Wimbledon - Jabeur: płakałam razem z Ronaldo
Jabeur jest fanką futbolu. W czwartek pokonała Amerykankę Robin Montgomery 6:1, 7:5, a na pomeczowej konferencji prasowej zapytano ją o trwające w Niemczech piłkarskie mistrzostwa Europy.
"Ostatnio oglądałam mecz Portugalii. Kiedy Cristiano nie wykorzystał rzutu karnego, płakałam razem z nim, ponieważ bardzo go kocham” – przyznała 10. rakieta świata.
Ronaldo zalał się łzami, gdy jego rzut karny w pierwszej połowie dogrywki obronił słoweński bramkarz Jan Oblak. Żadnej z drużyn nie udało się zdobyć bramki i o awansie Portugalii do ćwierćfinału przesądziła seria rzutów karnych, w których Ronaldo już nie zawiódł.
"To niewiarygodne, jaki on jest silny mentalnie, bo gdy nie wykorzystał rzutu karnego, potrafił później strzelić gola. Kocham publiczność, która tak go wspierała” - ekscytowała się Tunezyjka.

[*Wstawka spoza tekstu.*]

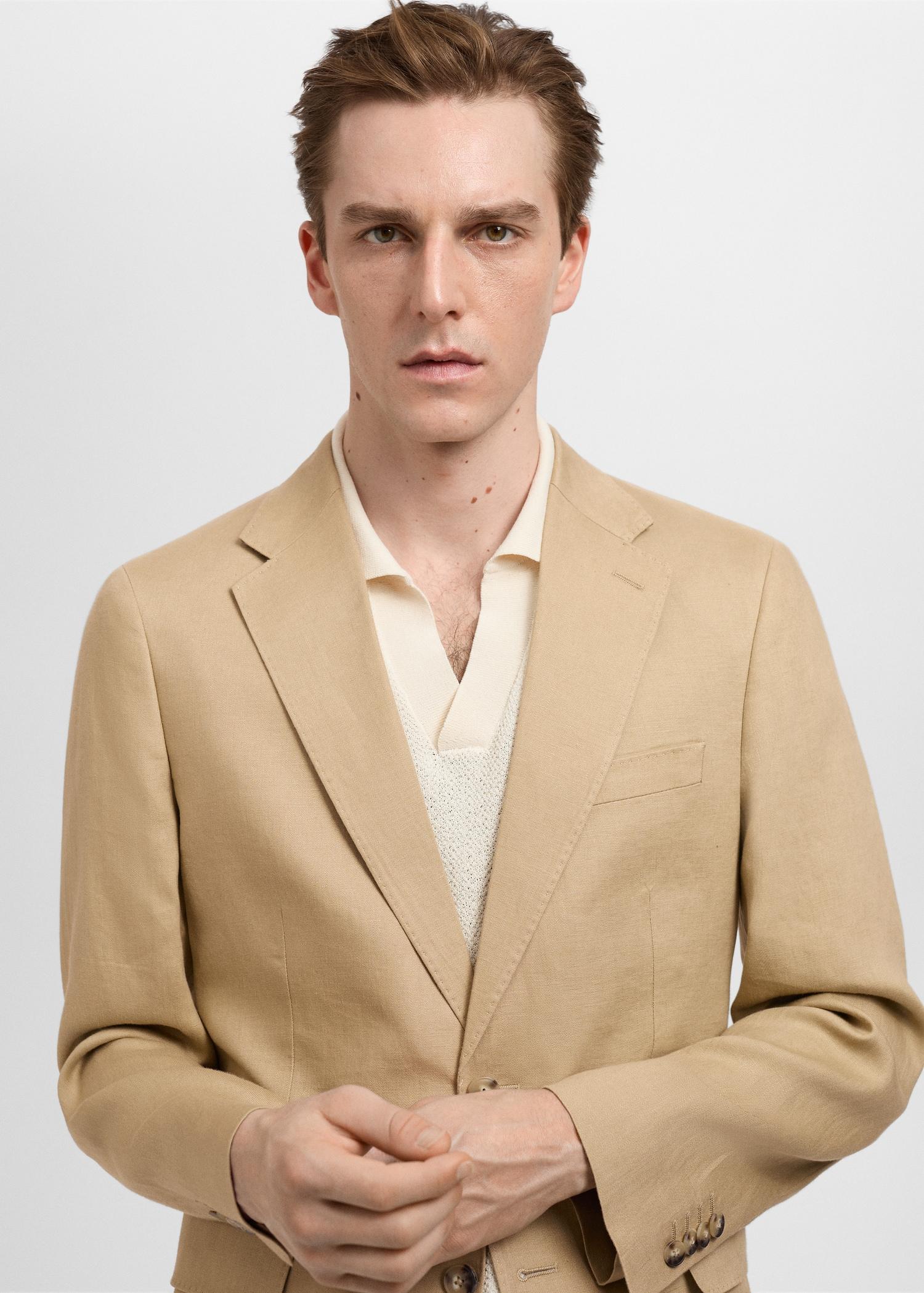 Amalfi 100% linen slim-fit suit blazer - Men | MANGO USA Product Image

W piątek w Hamburgu Portugalia zagra z Francją w ćwierćfinale będącym rewanżem za finał z 2016 roku. Wówczas Portugalia wygrała w Paryżu po dogrywce z gospodarzami 1:0, ale Ronaldo w pierwszej połowie musiał opuścić boisko z powodu kontuzji.
Tunezyjka podkreśliła jednak, że jest nieco rozczarowana poziomem niemieckich mistrzostw. "Oglądałam wiele meczów. Niektórymi jestem nieco rozczarowana. Myślałam, że to będzie bardziej ekscytujące” - przyznała.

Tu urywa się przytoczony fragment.